• AIM OF THE TASK:
Repeat all of the records verbatim.

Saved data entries
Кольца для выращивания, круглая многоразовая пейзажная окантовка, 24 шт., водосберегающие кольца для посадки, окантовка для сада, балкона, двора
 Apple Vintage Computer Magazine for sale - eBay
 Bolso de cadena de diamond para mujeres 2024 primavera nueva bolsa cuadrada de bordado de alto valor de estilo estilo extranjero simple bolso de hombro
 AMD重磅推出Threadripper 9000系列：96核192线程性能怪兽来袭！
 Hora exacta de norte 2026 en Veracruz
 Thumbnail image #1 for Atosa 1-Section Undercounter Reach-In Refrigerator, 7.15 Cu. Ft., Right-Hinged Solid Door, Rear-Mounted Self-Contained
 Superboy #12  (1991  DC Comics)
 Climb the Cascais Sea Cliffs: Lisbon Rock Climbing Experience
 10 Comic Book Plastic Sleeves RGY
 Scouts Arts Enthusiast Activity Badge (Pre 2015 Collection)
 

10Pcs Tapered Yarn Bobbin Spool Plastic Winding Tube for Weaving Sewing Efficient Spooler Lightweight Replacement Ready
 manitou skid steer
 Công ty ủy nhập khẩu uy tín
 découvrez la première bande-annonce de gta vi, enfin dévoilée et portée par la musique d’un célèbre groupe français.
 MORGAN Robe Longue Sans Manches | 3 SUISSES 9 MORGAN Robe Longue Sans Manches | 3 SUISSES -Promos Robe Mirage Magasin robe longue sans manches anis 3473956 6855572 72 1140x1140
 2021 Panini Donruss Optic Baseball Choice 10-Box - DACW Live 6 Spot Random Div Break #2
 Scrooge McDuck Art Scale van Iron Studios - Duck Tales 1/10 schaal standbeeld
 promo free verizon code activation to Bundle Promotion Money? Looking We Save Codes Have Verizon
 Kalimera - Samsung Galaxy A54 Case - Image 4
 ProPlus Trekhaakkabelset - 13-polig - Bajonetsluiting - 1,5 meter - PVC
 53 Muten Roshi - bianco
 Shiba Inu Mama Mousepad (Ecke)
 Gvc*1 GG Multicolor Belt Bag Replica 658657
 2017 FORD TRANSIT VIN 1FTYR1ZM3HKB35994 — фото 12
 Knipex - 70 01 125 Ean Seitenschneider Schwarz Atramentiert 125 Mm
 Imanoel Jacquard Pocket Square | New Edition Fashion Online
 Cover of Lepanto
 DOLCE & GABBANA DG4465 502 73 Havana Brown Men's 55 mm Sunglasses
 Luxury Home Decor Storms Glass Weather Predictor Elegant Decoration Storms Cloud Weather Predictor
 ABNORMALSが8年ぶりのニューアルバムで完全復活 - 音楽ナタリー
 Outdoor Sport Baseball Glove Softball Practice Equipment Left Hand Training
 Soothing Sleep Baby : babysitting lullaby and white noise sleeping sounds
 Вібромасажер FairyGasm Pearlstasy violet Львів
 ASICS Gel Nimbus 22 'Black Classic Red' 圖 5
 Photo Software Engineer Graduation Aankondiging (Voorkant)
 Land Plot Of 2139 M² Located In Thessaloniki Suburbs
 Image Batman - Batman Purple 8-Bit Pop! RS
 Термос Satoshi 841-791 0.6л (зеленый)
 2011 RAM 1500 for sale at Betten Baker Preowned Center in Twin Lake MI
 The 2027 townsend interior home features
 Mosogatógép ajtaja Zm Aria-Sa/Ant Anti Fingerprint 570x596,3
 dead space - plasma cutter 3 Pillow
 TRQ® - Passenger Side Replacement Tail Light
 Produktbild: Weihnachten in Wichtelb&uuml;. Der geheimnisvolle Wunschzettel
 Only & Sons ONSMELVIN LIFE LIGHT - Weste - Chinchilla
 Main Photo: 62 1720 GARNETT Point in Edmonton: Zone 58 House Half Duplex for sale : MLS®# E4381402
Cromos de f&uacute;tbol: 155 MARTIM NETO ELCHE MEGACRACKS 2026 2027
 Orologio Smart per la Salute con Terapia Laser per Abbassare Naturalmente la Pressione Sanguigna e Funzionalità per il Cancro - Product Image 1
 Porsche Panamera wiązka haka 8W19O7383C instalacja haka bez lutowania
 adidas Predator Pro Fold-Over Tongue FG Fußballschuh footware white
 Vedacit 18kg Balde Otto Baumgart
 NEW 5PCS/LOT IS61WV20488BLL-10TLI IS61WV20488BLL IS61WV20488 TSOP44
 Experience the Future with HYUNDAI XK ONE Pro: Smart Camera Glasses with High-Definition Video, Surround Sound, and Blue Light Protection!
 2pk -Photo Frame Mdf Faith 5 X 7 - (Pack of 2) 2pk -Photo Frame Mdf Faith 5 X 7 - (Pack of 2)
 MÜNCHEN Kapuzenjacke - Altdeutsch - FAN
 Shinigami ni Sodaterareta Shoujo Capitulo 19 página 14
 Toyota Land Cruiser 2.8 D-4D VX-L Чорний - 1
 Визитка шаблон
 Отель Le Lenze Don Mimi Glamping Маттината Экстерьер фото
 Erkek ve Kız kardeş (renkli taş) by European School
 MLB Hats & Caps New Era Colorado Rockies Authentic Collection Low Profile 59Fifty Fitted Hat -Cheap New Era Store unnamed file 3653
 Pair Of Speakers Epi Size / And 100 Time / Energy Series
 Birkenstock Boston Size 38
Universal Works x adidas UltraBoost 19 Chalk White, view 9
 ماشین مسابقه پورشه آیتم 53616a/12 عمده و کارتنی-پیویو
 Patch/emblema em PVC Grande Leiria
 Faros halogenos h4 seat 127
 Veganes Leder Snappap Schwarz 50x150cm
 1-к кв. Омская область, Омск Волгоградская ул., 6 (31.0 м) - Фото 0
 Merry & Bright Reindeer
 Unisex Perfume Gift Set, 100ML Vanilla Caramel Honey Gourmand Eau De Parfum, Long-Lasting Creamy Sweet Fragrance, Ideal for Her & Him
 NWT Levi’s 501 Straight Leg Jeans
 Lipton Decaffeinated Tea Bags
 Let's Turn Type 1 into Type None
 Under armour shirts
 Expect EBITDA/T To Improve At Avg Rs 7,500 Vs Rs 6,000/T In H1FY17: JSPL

• RESULT OF THIS TASK:
Кольца для выращивания, круглая многоразовая пейзажная окантовка, 24 шт., водосберегающие кольца для посадки, окантовка для сада, балкона, двора
 Apple Vintage Computer Magazine for sale - eBay
 Bolso de cadena de diamond para mujeres 2024 primavera nueva bolsa cuadrada de bordado de alto valor de estilo estilo extranjero simple bolso de hombro
 AMD重磅推出Threadripper 9000系列：96核192线程性能怪兽来袭！
 Hora exacta de norte 2026 en Veracruz
 Thumbnail image #1 for Atosa 1-Section Undercounter Reach-In Refrigerator, 7.15 Cu. Ft., Right-Hinged Solid Door, Rear-Mounted Self-Contained
 Superboy #12  (1991  DC Comics)
 Climb the Cascais Sea Cliffs: Lisbon Rock Climbing Experience
 10 Comic Book Plastic Sleeves RGY
 Scouts Arts Enthusiast Activity Badge (Pre 2015 Collection)
 

10Pcs Tapered Yarn Bobbin Spool Plastic Winding Tube for Weaving Sewing Efficient Spooler Lightweight Replacement Ready
 manitou skid steer
 Công ty ủy nhập khẩu uy tín
 découvrez la première bande-annonce de gta vi, enfin dévoilée et portée par la musique d’un célèbre groupe français.
 MORGAN Robe Longue Sans Manches | 3 SUISSES 9 MORGAN Robe Longue Sans Manches | 3 SUISSES -Promos Robe Mirage Magasin robe longue sans manches anis 3473956 6855572 72 1140x1140
 2021 Panini Donruss Optic Baseball Choice 10-Box - DACW Live 6 Spot Random Div Break #2
 Scrooge McDuck Art Scale van Iron Studios - Duck Tales 1/10 schaal standbeeld
 promo free verizon code activation to Bundle Promotion Money? Looking We Save Codes Have Verizon
 Kalimera - Samsung Galaxy A54 Case - Image 4
 ProPlus Trekhaakkabelset - 13-polig - Bajonetsluiting - 1,5 meter - PVC
 53 Muten Roshi - bianco
 Shiba Inu Mama Mousepad (Ecke)
 Gvc*1 GG Multicolor Belt Bag Replica 658657
 2017 FORD TRANSIT VIN 1FTYR1ZM3HKB35994 — фото 12
 Knipex - 70 01 125 Ean Seitenschneider Schwarz Atramentiert 125 Mm
 Imanoel Jacquard Pocket Square | New Edition Fashion Online
 Cover of Lepanto
 DOLCE & GABBANA DG4465 502 73 Havana Brown Men's 55 mm Sunglasses
 Luxury Home Decor Storms Glass Weather Predictor Elegant Decoration Storms Cloud Weather Predictor
 ABNORMALSが8年ぶりのニューアルバムで完全復活 - 音楽ナタリー
 Outdoor Sport Baseball Glove Softball Practice Equipment Left Hand Training
 Soothing Sleep Baby : babysitting lullaby and white noise sleeping sounds
 Вібромасажер FairyGasm Pearlstasy violet Львів
 ASICS Gel Nimbus 22 'Black Classic Red' 圖 5
 Photo Software Engineer Graduation Aankondiging (Voorkant)
 Land Plot Of 2139 M² Located In Thessaloniki Suburbs
 Image Batman - Batman Purple 8-Bit Pop! RS
 Термос Satoshi 841-791 0.6л (зеленый)
 2011 RAM 1500 for sale at Betten Baker Preowned Center in Twin Lake MI
 The 2027 townsend interior home features
 Mosogatógép ajtaja Zm Aria-Sa/Ant Anti Fingerprint 570x596,3
 dead space - plasma cutter 3 Pillow
 TRQ® - Passenger Side Replacement Tail Light
 Produktbild: Weihnachten in Wichtelb&uuml;. Der geheimnisvolle Wunschzettel
 Only & Sons ONSMELVIN LIFE LIGHT - Weste - Chinchilla
 Main Photo: 62 1720 GARNETT Point in Edmonton: Zone 58 House Half Duplex for sale : MLS®# E4381402
Cromos de f&uacute;tbol: 155 MARTIM NETO ELCHE MEGACRACKS 2026 2027
 Orologio Smart per la Salute con Terapia Laser per Abbassare Naturalmente la Pressione Sanguigna e Funzionalità per il Cancro - Product Image 1
 Porsche Panamera wiązka haka 8W19O7383C instalacja haka bez lutowania
 adidas Predator Pro Fold-Over Tongue FG Fußballschuh footware white
 Vedacit 18kg Balde Otto Baumgart
 NEW 5PCS/LOT IS61WV20488BLL-10TLI IS61WV20488BLL IS61WV20488 TSOP44
 Experience the Future with HYUNDAI XK ONE Pro: Smart Camera Glasses with High-Definition Video, Surround Sound, and Blue Light Protection!
 2pk -Photo Frame Mdf Faith 5 X 7 - (Pack of 2) 2pk -Photo Frame Mdf Faith 5 X 7 - (Pack of 2)
 MÜNCHEN Kapuzenjacke - Altdeutsch - FAN
 Shinigami ni Sodaterareta Shoujo Capitulo 19 página 14
 Toyota Land Cruiser 2.8 D-4D VX-L Чорний - 1
 Визитка шаблон
 Отель Le Lenze Don Mimi Glamping Маттината Экстерьер фото
 Erkek ve Kız kardeş (renkli taş) by European School
 MLB Hats & Caps New Era Colorado Rockies Authentic Collection Low Profile 59Fifty Fitted Hat -Cheap New Era Store unnamed file 3653
 Pair Of Speakers Epi Size / And 100 Time / Energy Series
 Birkenstock Boston Size 38
Universal Works x adidas UltraBoost 19 Chalk White, view 9
 ماشین مسابقه پورشه آیتم 53616a/12 عمده و کارتنی-پیویو
 Patch/emblema em PVC Grande Leiria
 Faros halogenos h4 seat 127
 Veganes Leder Snappap Schwarz 50x150cm
 1-к кв. Омская область, Омск Волгоградская ул., 6 (31.0 м) - Фото 0
 Merry & Bright Reindeer
 Unisex Perfume Gift Set, 100ML Vanilla Caramel Honey Gourmand Eau De Parfum, Long-Lasting Creamy Sweet Fragrance, Ideal for Her & Him
 NWT Levi’s 501 Straight Leg Jeans
 Lipton Decaffeinated Tea Bags
 Let's Turn Type 1 into Type None
 Under armour shirts
 Expect EBITDA/T To Improve At Avg Rs 7,500 Vs Rs 6,000/T In H1FY17: JSPL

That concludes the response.